When I don’t respond, she asks, “Do you need a moment?”
“A moment?”
She gives me a nod, saying, “Yes. I’d like to go ahead and run an ultrasound to see how far along you are and get a few measurements of the baby.”
“Baby,” I whisper, repeating her foreign word.
“But if you need a moment—”
“No. I’m fine,” I say, interrupting her.
“Okay then. I’ll have my nurse call one of the ultrasound techs. She has a mobile station, so you won’t have to switch rooms.”
Dr. Leemont adjusts the table, allowing me to lie down while we wait. My heart pounds hard against my chest and the sound is all I can hear as I try to sort this all out in my head. I can’t grasp on to a single coherent thought as they all tumble into each other in a maniacal collision, aside from the one piece that remains untouched and clear as day: I’m pregnant.
The door opens and a young tech wheels in the large machine. She introduces herself, but I remain quiet as I watch her set everything up while she and Dr. Leemont go over my labs.
Once she’s set up and I lie down, she opens the front of my gown and squirts a warm blob of gel on my stomach. Pressing the wand down, she tells me, “Since we don’t know how far along you are, I’d like to see if we can get a good view of the baby externally. Normally we do an internal exam, but I’d like to try this out first.”
“Okay,” I breathe as I keep my eyes glued to the monitor screen.
She begins clicking away on her keyboard while she presses the wand firmly onto
my lower abdomen, almost painfully, but then she says, “There we go,” and my heart stops. “See that?” she asks as she points to the white peanut on the screen, and as soon as she makes the slightest adjustment to the wand, she freezes the screen.
“Oh my God.”
“Let me get a couple measurements to see how far along you are,” she says, but holy shit, I can clearly see a head and a belly. Not a tiny blip you often hear about that doesn’t look like anything. I clearly see a baby: head, belly, and four tiny nubs for its arms and legs. She doesn’t even need to dissect the image for me because it’s unmistakable. Never has reality hit me so hard with a truth that’s undeniable.
“Nine weeks, five days,” she says, and then looks at me with a smile before she turns to look at her conception calendar on the monitor. “New Year’s baby, it looks like.”
I can’t speak. All I can think right now is Bennett, Declan, and Pike. I haven’t had sex with Pike in over a month, but nine weeks ago, I was having sex with all three of them. God, I’m a sick human being, carrying a baby that could belong to any one of them.

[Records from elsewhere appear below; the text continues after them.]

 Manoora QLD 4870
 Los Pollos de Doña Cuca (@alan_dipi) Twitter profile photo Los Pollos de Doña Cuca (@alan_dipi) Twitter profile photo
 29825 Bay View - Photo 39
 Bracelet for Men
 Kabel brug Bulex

“I’m showing October tenth for a due date,” she tells me, and then she presses a button and a loud woosh woosh woosh woosh comes through the speakers at a rapid rate.
“What’s that?”
“Your baby’s heartbeat.”
“Oh my God,” I whisper again. A heartbeat? It’s so real. So alive. Hearing that fast heartbeat inside of me is almost too much as I lie here, trying not to completely lose it.
“Good and strong,” she says before turning the sound off and when it disappears, I close my eyes and replay the soothing sound in my head. How is this happening?

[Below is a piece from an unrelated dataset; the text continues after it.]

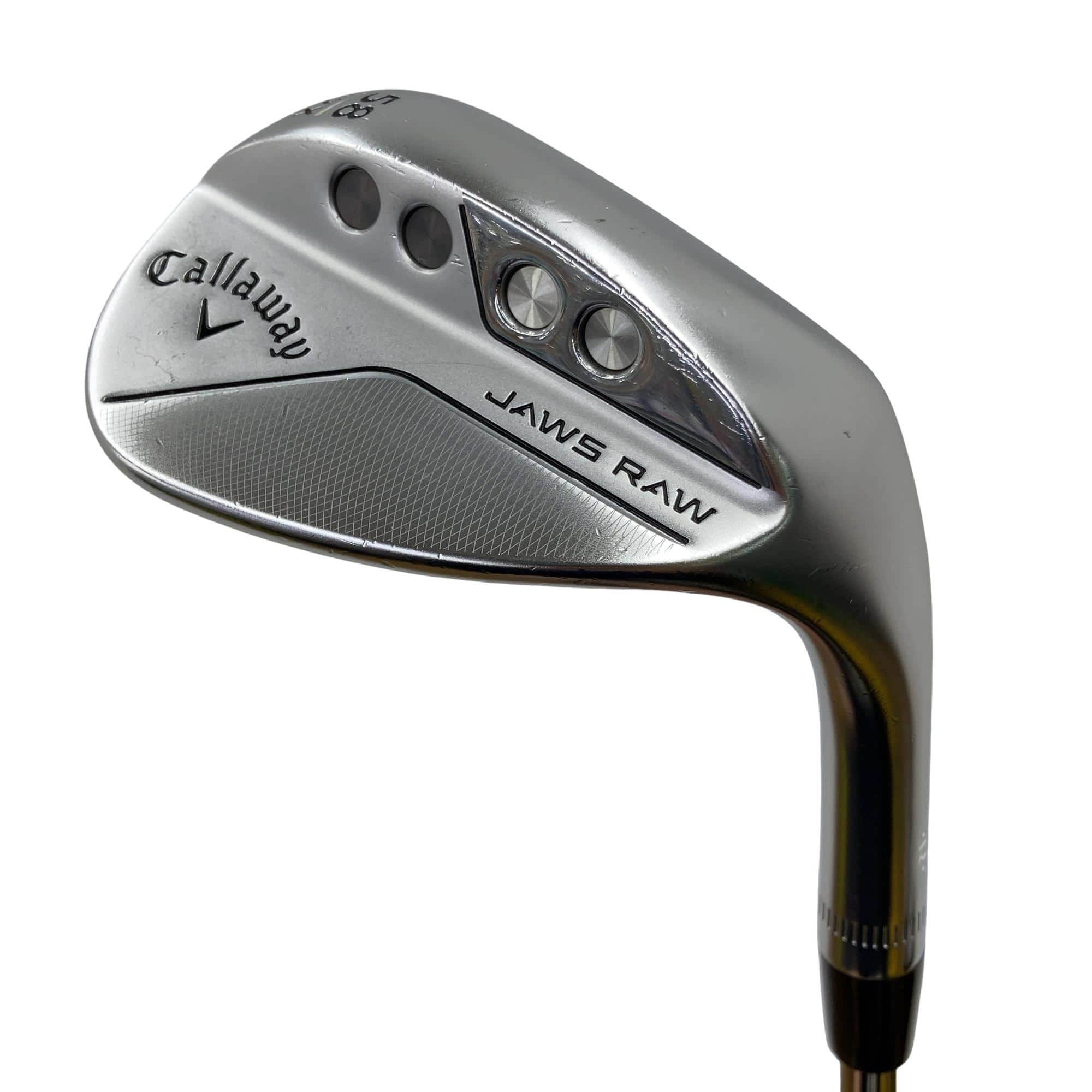 i`vr@q`v@NbL@TW°^PQ°w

When she’s done, I sit up and cover myself back up with the gown while she prints me off a few photos and hands them to me, saying a happy, “Congratulations.”

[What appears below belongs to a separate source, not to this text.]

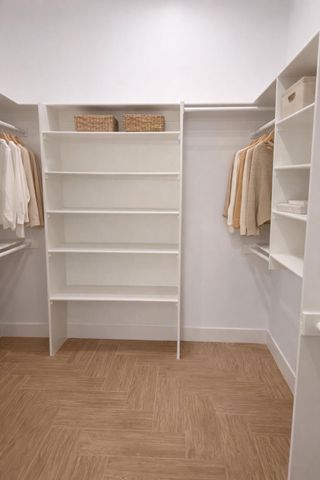 53840 Avenida Carranza, La Quinta, CA 92253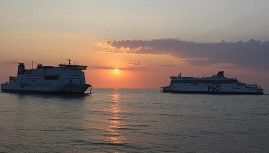 p&o ferries.jpg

But knowing my situation, and knowing what Dr. Leemont said about me being high-risk, there’s nothing to be congratulating me about. She hands me the pictures, and both she and the doctor step out of the room so that I can get dressed, but I don’t. I just sit here and look down at one of the pictures, a picture that shows a top view: head, belly, and four nubs. A weird laugh slips out through my tears when I compare the baby to a marshmallow.